A significant recent paper on ruminal metagenomics explored feed efficiency in dairy cows [46]. Methane emissions were also measured ex vivo, while metagenomes were studied from deep sequencing [46]. Species diversity was lower in the more efficient animals, as was gene diversity (Fig. 1). Moreover, methane emissions were also significantly lower in the efficient animals, as was found previously in cattle [47]. Ruminal digesta contained more propionate, butyrate and isovalerate in efficient animals. Most striking of all, metabolic pathway analysis showed that genes of the non-randomizing acrylate pathway of propionate production were much more prevalent in the efficient cattle. The acrylate pathway is found principally in the distinctive, large Gram-negative coccus, Megasphaera elsdenii, which has been identified with a stabilising effect on ruminal fermentation because of its rapid conversion of lactate to propionate and butyrate [48, 49]; M. elsdenii also produces isovalerate and valerate as end-products of its amino acid-fermenting ability [50, 51]. rRNA gene amplicon analysis showed that M. elsdenii abundance was much greater in efficient animals, corresponding to the acrylate gene abundance. In the study by Wallace et al. [44] in beef cattle, although not reported in the paper itself, the abundance of M. elsdenii was 13-fold higher in the low-methane steers, thus entirely consistent with the results of Shabat et al. [46]. M. elsdenii has been trialled with some success as a probiotic for ruminants on the grounds of its pH-stabilizing properties [52, 53]. Thus, thanks to these studies, a picture is emerging whereby it can be seen that differences in the abundance of H2-producing bacteria, non-H2-producing bacteria and H2 utilisers, together with the abundance of pH-stabilizing bacteria, affect the quantity of methane that a ruminant animal produces and its feed efficiency.

Fig. 1
figure 1

Community parameters of efficient and inefficient cows’ microbiomes (from Shabat et al. [46]). a, b Microbiome richness with counts calculated and expressed as simple richness: a Species (based on 16S rRNA amplicon sequencing) and b genes (based on metagenomics sequencing). Kernel density of the efficient and inefficient histograms emphasizes the different distribution of counts in each microbiome group. P values of the difference in richness between efficient and inefficient cows are shown

The Hungate 1000 project and Global Rumen Census

Thus far, combined understanding of function and phylogenetic identity in metagenomics data has been limited by the relatively few completed rumen bacterial genomes and in turn by the number of annotated genes and protein sequences of ruminal species. This issue is being addressed by the Hungate 1000 project (www.hungate1000.org.nz). The project title refers to the pioneering work in culturing strictly anaerobic ruminal bacteria carried out by Robert E. Hungate [54]. The aim of the project is to produce a reference set of 1000 rumen microbial genome sequences from cultivated rumen bacteria and methanogenic archaea, together with representative cultures of rumen anaerobic fungi and ciliate protozoa. The project is funded by the New Zealand Government in support of the Livestock Research Group of the Global Research Alliance on Agricultural Greenhouse Gases. The sequencing effort obtained support from the US Department of Energy Joint Genome Institute Community Sequencing Program, and the overall project is a global collaboration between members of the Rumen Microbial Genomics Network, established to accelerate knowledge development and mitigation solutions in the rumen microbial genomics research area. The reference genome information gathered will be used to facilitate genome-enabled research aimed at understanding rumen function in order to find a balance between food production and GHG emissions, and to support international efforts to develop methane mitigation and rumen adaptation technologies. Once the Hungate 1000 project is completed, genes discovered from deep metagenome sequencing will be able to be pinned with much greater certainty to known species.
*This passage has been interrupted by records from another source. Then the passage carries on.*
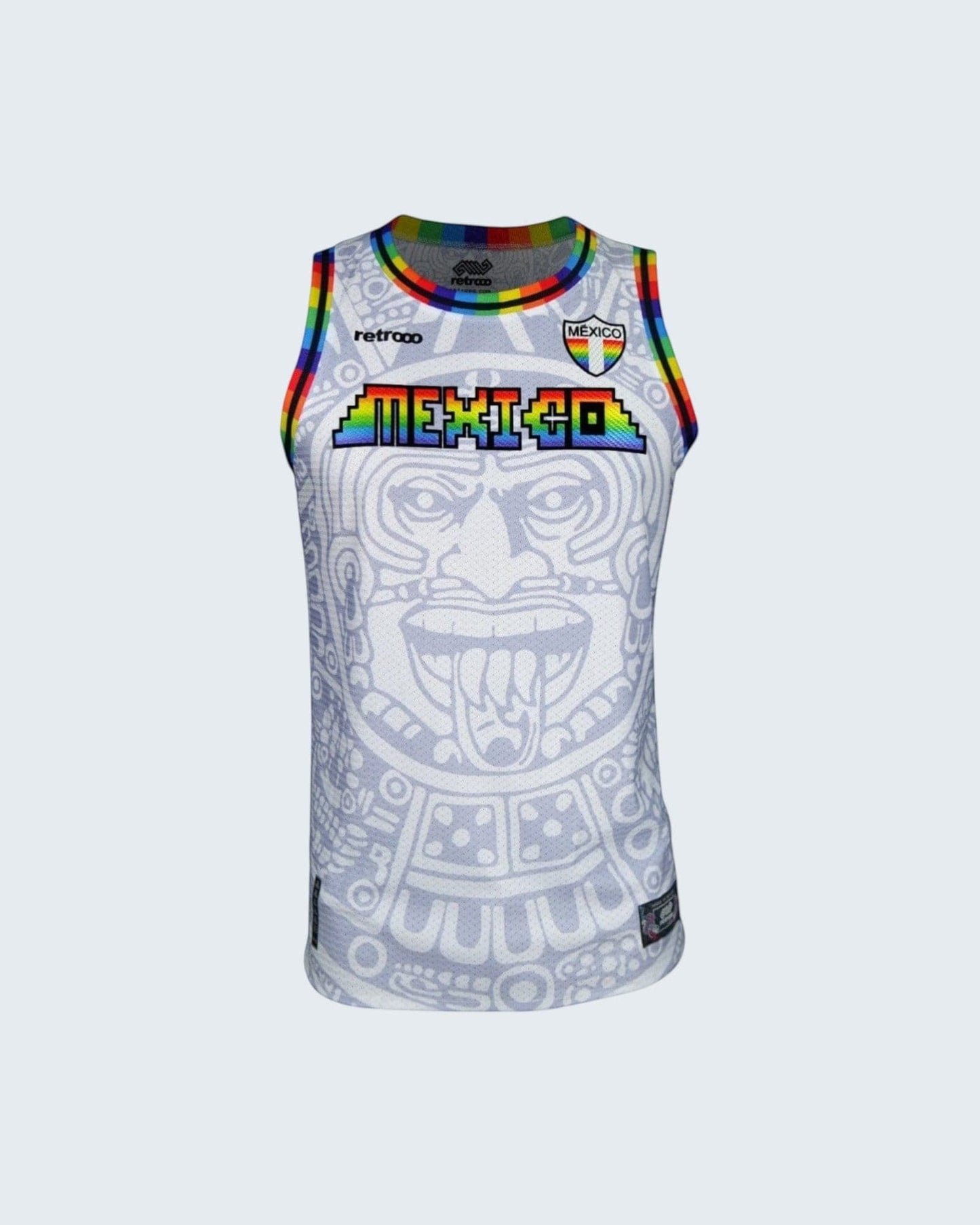 Retroooclothes Jersey CH/SMALL / Blanco Jersey Retrooo México Calendario Azteca Urbano PRIDE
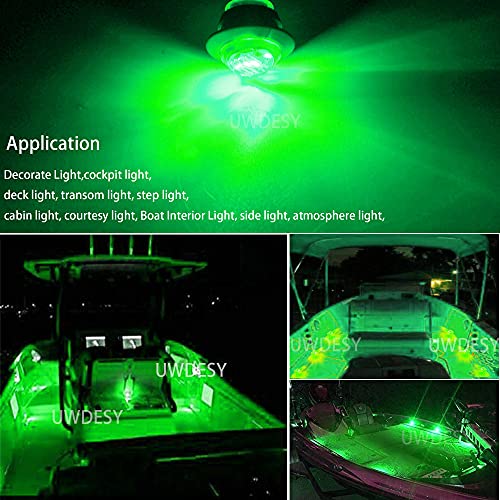 Green Waterproof Marine LED Lights 10 Pcs - Boat Interior & Navigation Deck Lamps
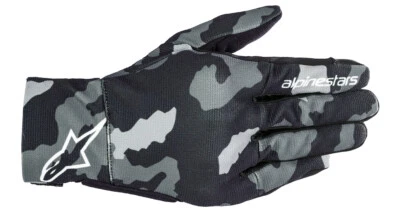 Alpinestars Reef Gloves Motorcycle Short Lightweight Safety Schwarz-Grau-Camo - Image 1 of 3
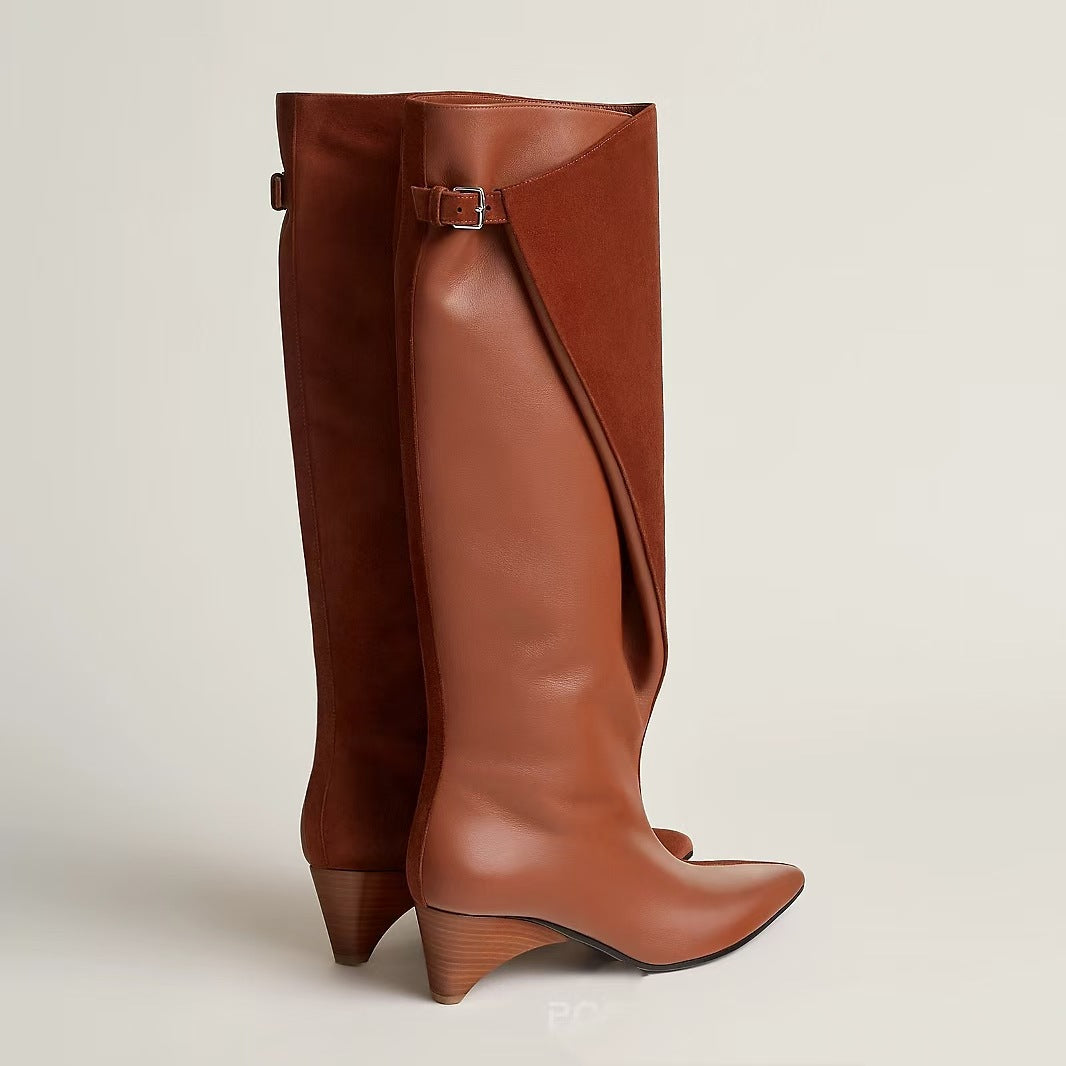 Femme Overknee-mode-støvler med unikt bånddesign Stilla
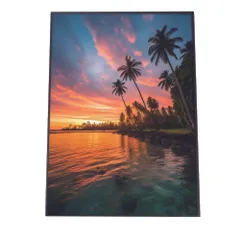 【A0サイズ（約84x119cm）】【lh-poster-2791】【フレーム付き】海 beach ビーチ 波 島 リゾート 夕焼け ヤシの木 ココナッツ 海岸 ポスター インテリア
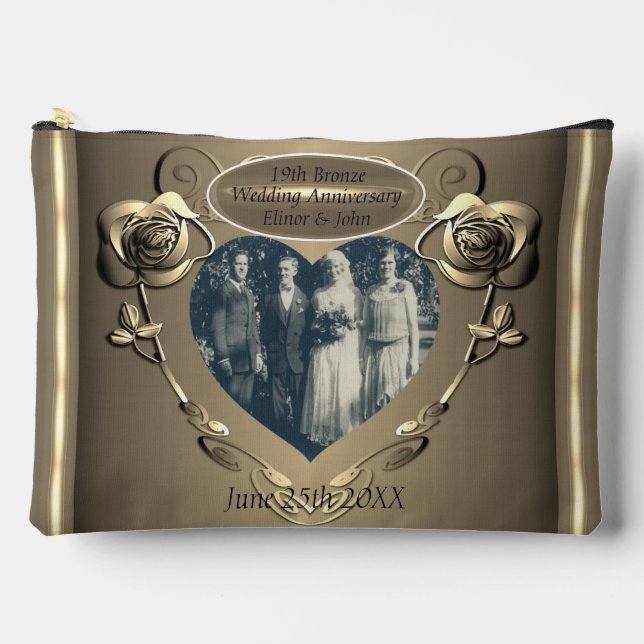 19th/8th Bronze(Colour)Photo Wedding Anniversary Accessory Pouch (Front)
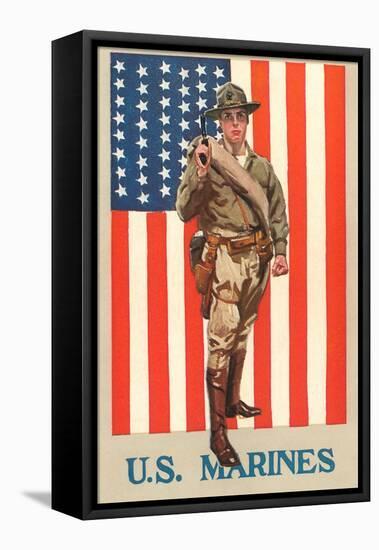 US Marines, Marine in front of Flag with Pistol-null-Framed Stretched Canvas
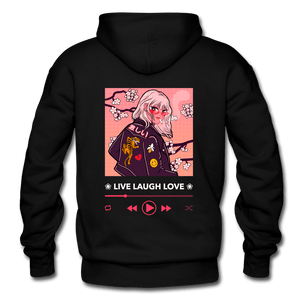 Live, Laugh, Love Sakura Anime Girl Hoodie - black
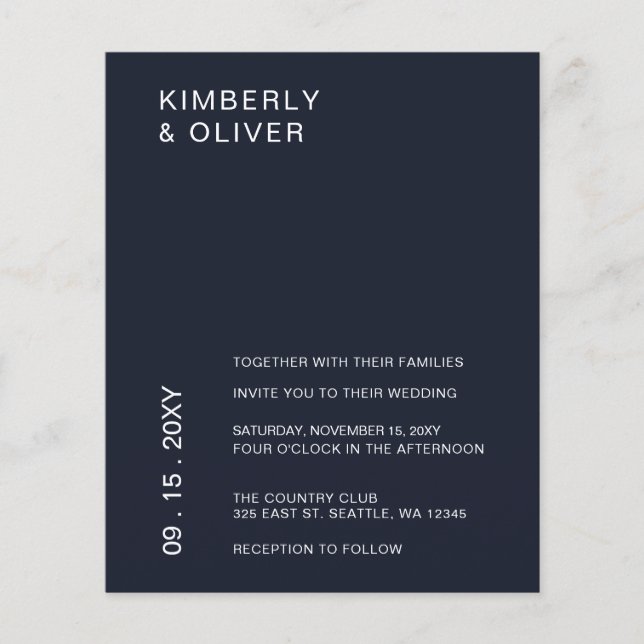 Budget Navy Modern Wedding Invitation (Front)
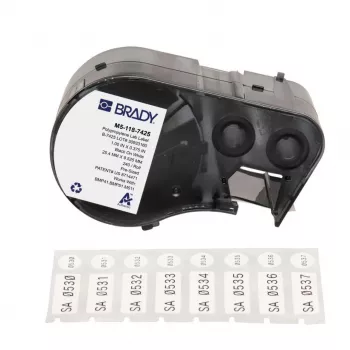 BRADY M5-118-7425 PermaSleeve krympeslange-etiketpatron til BMP51/BMP53/M511, hvid, 38,1 mm x 2,13 m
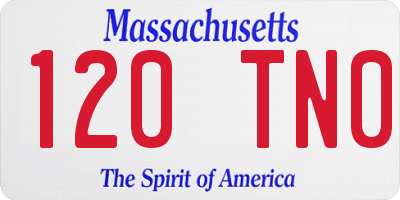 MA license plate 120TN0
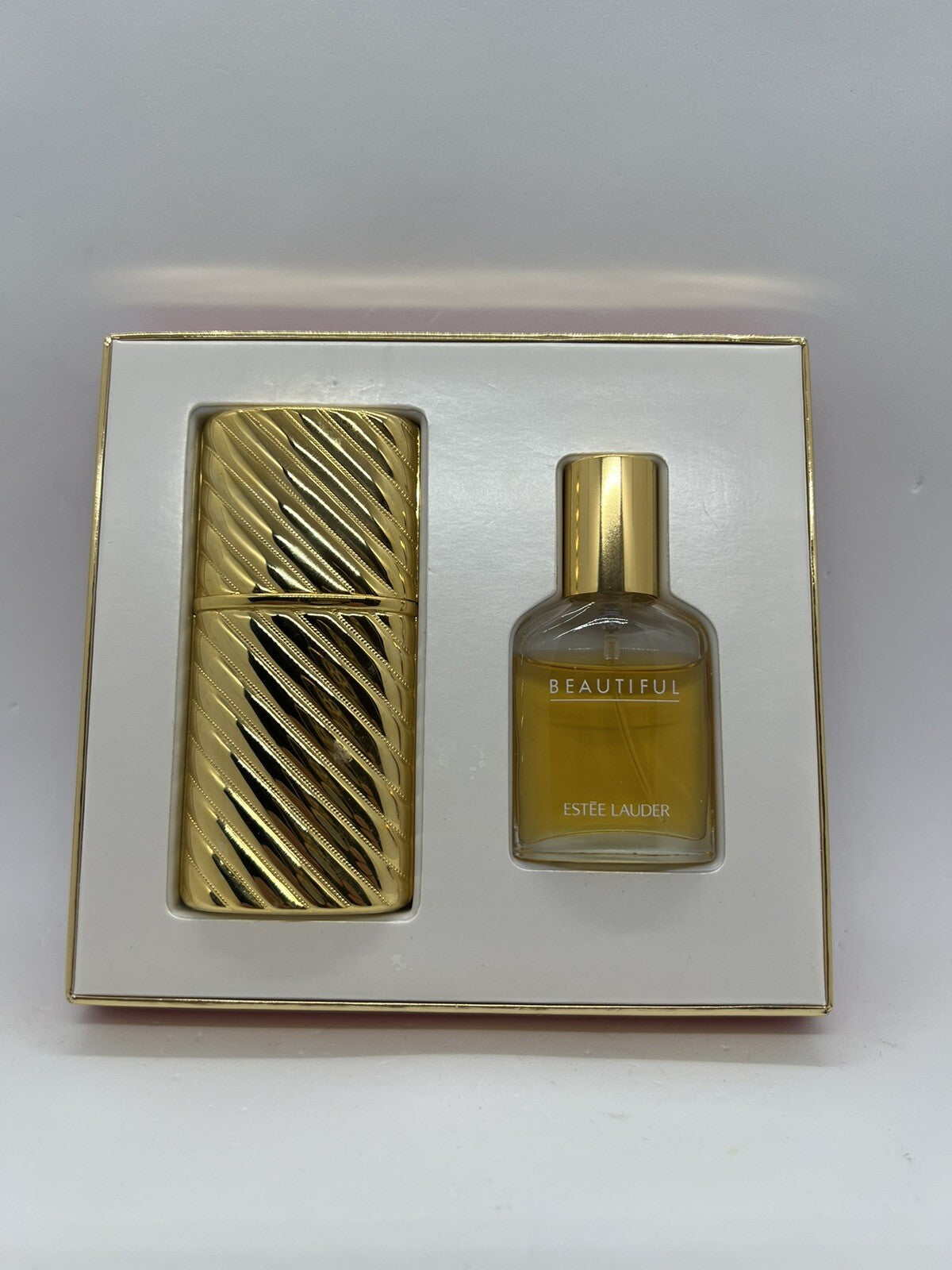Estee Lauder BEAUTIFUL EDP 2x7ML WITH GOLD CASE SET SEE PHOTOS (VINTAGE)3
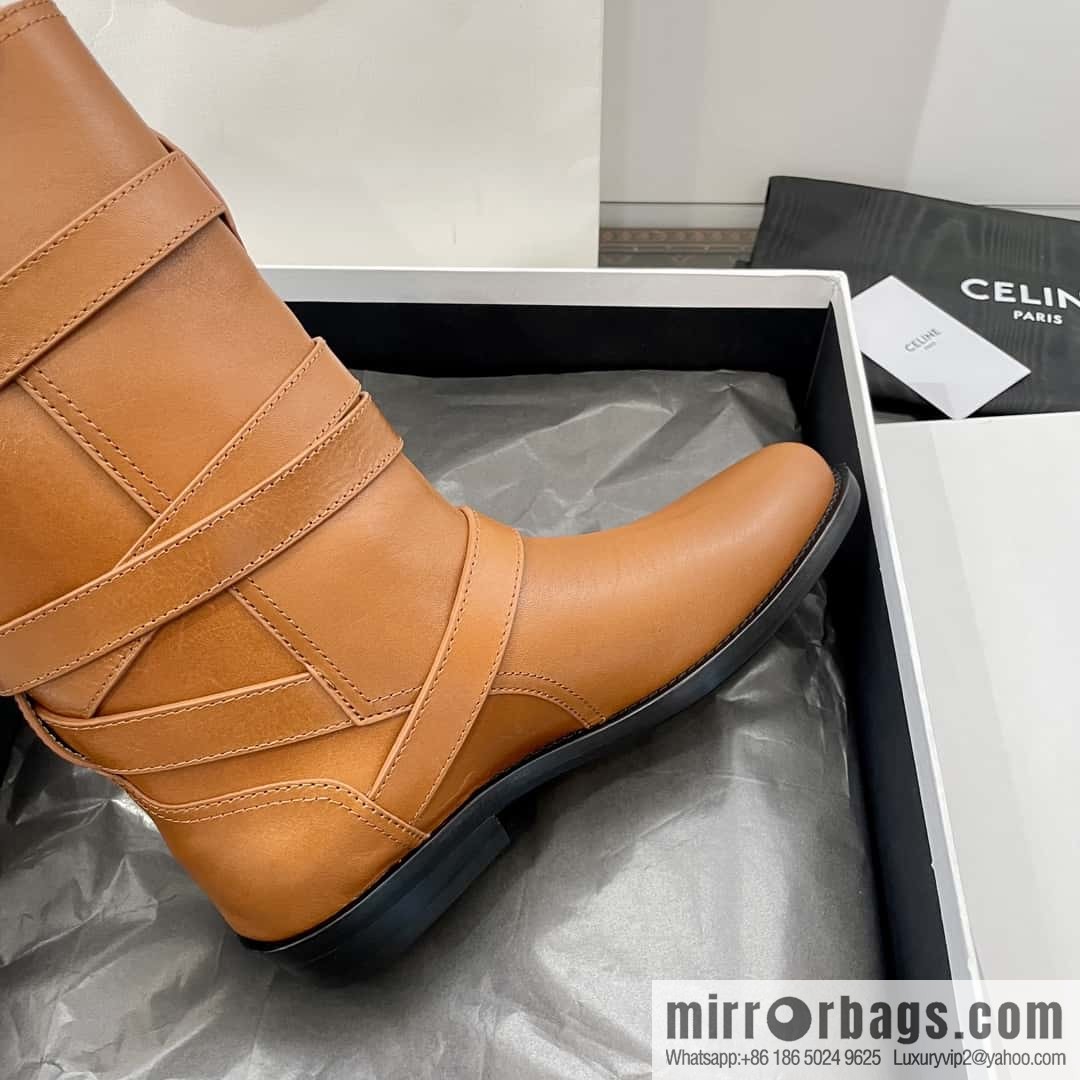CELINE Vegetable Tanned Cow Leather Medium Tube Lace-Up Locomotive Boots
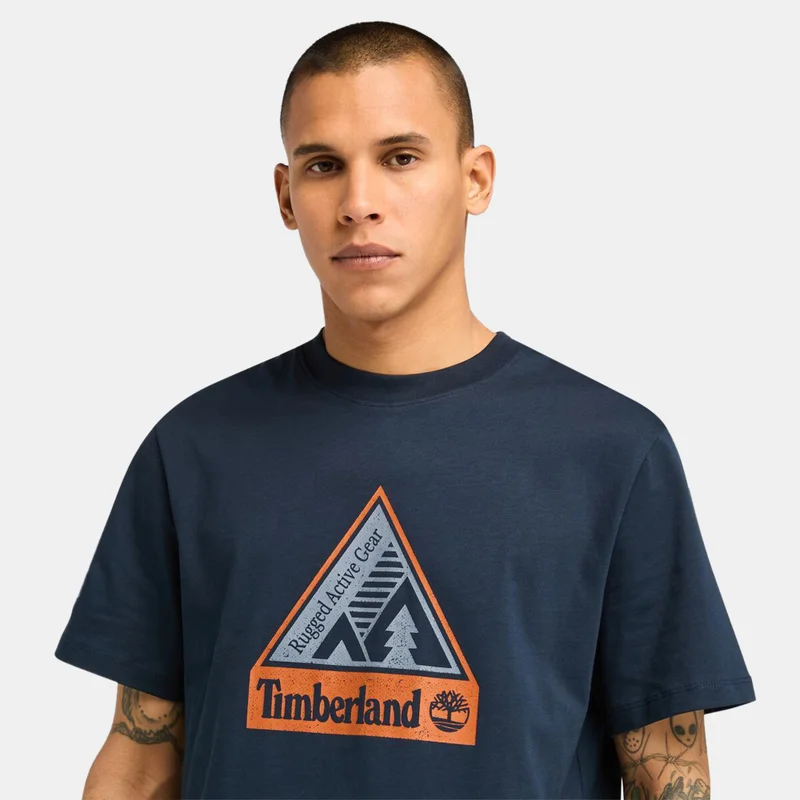 Timberland Blue Men's Outdoor Inspired Graphic T-Shirt for Men | Best Price UAE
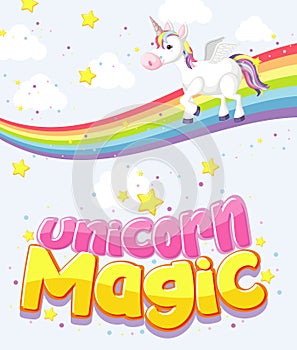 Cute unicorn magic text logo on sky background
The most extensive exploration of the ruminal microbiome that was recently published was the Global Rumen Census, an international effort that analysed the microbial community in 742 samples from 32 animal species from 35 countries [55]. The results revealed a common core microbiome in all samples, and prompted the conclusion that significant new taxonomic groups were unlikely to be discovered. The authors also commented on likely functional redundancy, with different taxa performing essentially the same function using related genes, a topic that has also been reviewed recently [56]. Indeed future understanding of rumen function, and its relationship with the host genome, is likely to be expanded most significantly by exploring and linking gene networks [45]. An important overall conclusion of the Global Rumen Census was that diet, rather than genetics or geographical location, had the greatest influence on the ruminal microbiome.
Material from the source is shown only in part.